# iReport/Jasper Report



## copymaster (1. Apr 2009)

Hallo!
Vielleicht kann mir einer helfen. Ich habe iReport und damit einen schönen Report erstellt.
Das ist zwar nett, aber brauchen tue ich ihn im Web. Das heisst im Intranet. Dort soll dann nach Aufruf einer Seite der Report angezeigt werden.

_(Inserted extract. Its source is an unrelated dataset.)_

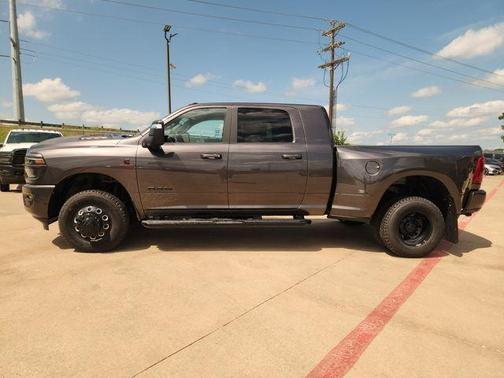 Granite Crystal Clearcoat Metallic 2026 RAM 3500 Laramie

Nun habe ich aber keinen Plan, wie ich das anstellen soll.
Kann mir jemand ein java-script Beispiel schicken, wie man einen Report im Web anzeigen kann?

Vielen Dank


----------



## Ebenius (1. Apr 2009)

**verschieb**
[thread=15673]Java ist nicht JavaScript[/thread]

Ebenius


----------



## foobar (1. Apr 2009)

Mit JasperServer ist sowas möglich: Jaspersoft | JasperServer


----------



## chelbas (27. Jan 2010)

Hallo,
ich habe einen iReport Bericht für die Etikettenvorlage von Avery Zweckform Vorlage 3490 erstellt und kann bereits auf den Etikett bögen von Zweckform die Adressetiketten drucken. Gibt es eine Möglichkeit im iReport einzustellen dass beim Erstellen der Etiketten der Startpunkt fürs Drucken ausgewählt werden kann? Oder beim nächsten Etikett seit letztem Druckvorgang weiter gedruckt wird. Es sind 24 kleine Etiketten auf einem DIN A4 Bogen. Ist es möglich z.B beim Drucken das Startetikett auszuwählen um nicht immer ein neues Blatt einlegen zu müssen. 

Beste Grüße
Andi


----------